I don’t think it’s about what your brain knows, it’s about what your heart knows.

  Write the story only you can tell because of your unique experiences and your unique dreams and your unique perspective regarding the human condition. Isn’t that what all stories are about in the end: us, our world, our dreams? What do you bring to this story? Write that. What does your understanding of how people interact and what people need and how people are good or terrible or impossible bring? That is what you know. Write that. Write it with true stories or war stories or stories that are entirely lies or stories about dragons. Go out and have adventures, meet people, learn new skills and new stories, then bring them home and reinvent them in your dreams and write that.

  Brenna

  I do not actually remember the first time I heard this—write what you know. I heard it a lot though, starting at about the same time I started actively searching for writing advice.

  It can be a difficult rule to feel good about, especially when you’re still pretty new to writing. I alternated between being intimidated by it and annoyed by it, because for a long time, I thought I didn’t know anything. Instead, when I looked in all the various spaces of my brain where knowing goes, it seemed like I just had a lot of ideas about stuff. And if that was true—if I only had untested thoughts and if it was also true that I actually needed to know something first—how was I going to be able to write?
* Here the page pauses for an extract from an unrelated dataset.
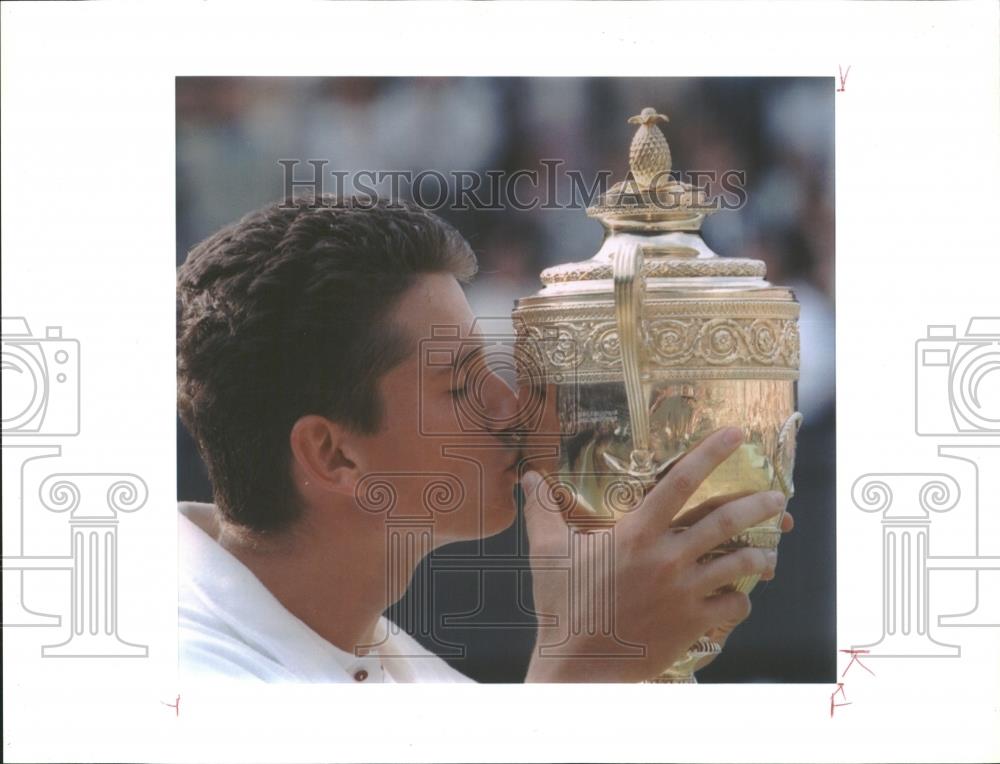 1996 Press Photo Richard Krajicek Wimbledon Champs - RRQ23001 - Historic Images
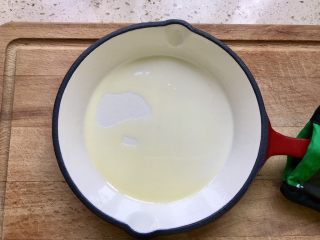 3、简单颜值高—荷兰松饼低卡版,烤箱预热完成后，铸铁锅拿出来，把面糊倒入铸铁锅内！【我用的16cm的铸铁锅，你可以换成16cm左右的烤碗或者烤盘，此处是一人份， 两人份双倍量可以换20cm的烤盘锅等！烤盘烤碗的高度在5cm左右哦效果好】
  I decided, with possibly less trepidation than you’d think, that I would opt not to listen. In fact, I would only write about things I knew nothing about! Characters the exact opposite of me! Worlds that not only didn’t, but couldn’t exist!

  Also, as it may have occurred to you by now, I was grossly misunderstanding the underlying purpose of the message. People who tell you to write what you know are not saying (at least, I don’t think they’re saying—individual results may vary) that you can only ever write about things that have personally happened to you. They’re really saying, hey, figure out your characters and your story-world, figure out the emotions that make someone act a certain way or choose a certain path. Understand. Don’t just throw something in there because it seems shallowly self-evident, or it makes the rest of the story easier to write. Empathize. Don’t just assume you know enough about something, go learn more. The thing is, sometimes we know things because they happened to us, but sometimes (more times, even?) we know things because we made an actual effort to understand them.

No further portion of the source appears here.